Each record below needs to be copied out exactly as it stands.

◆ **Brief descriptive captions**:
== Segment start ==

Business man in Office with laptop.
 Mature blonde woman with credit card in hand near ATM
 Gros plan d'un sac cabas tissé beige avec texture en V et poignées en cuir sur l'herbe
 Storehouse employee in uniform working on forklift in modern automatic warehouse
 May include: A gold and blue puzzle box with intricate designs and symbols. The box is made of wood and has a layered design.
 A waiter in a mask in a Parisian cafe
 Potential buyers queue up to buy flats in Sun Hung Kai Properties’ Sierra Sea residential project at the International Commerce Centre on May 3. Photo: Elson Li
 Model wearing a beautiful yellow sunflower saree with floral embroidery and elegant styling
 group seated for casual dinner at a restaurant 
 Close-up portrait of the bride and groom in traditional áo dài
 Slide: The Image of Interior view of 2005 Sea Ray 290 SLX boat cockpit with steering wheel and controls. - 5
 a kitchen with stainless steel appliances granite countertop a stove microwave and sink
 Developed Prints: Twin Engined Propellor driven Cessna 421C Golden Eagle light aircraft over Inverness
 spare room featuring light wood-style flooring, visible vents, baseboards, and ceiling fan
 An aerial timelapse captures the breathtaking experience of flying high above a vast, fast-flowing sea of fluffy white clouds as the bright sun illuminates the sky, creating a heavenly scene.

== Segment end ==

◆ **Solved problem**:
Business man in Office with laptop.
 Mature blonde woman with credit card in hand near ATM
 Gros plan d'un sac cabas tissé beige avec texture en V et poignées en cuir sur l'herbe
 Storehouse employee in uniform working on forklift in modern automatic warehouse
 May include: A gold and blue puzzle box with intricate designs and symbols. The box is made of wood and has a layered design.
 A waiter in a mask in a Parisian cafe
 Potential buyers queue up to buy flats in Sun Hung Kai Properties’ Sierra Sea residential project at the International Commerce Centre on May 3. Photo: Elson Li
 Model wearing a beautiful yellow sunflower saree with floral embroidery and elegant styling
 group seated for casual dinner at a restaurant 
 Close-up portrait of the bride and groom in traditional áo dài
 Slide: The Image of Interior view of 2005 Sea Ray 290 SLX boat cockpit with steering wheel and controls. - 5
 a kitchen with stainless steel appliances granite countertop a stove microwave and sink
 Developed Prints: Twin Engined Propellor driven Cessna 421C Golden Eagle light aircraft over Inverness
 spare room featuring light wood-style flooring, visible vents, baseboards, and ceiling fan
 An aerial timelapse captures the breathtaking experience of flying high above a vast, fast-flowing sea of fluffy white clouds as the bright sun illuminates the sky, creating a heavenly scene.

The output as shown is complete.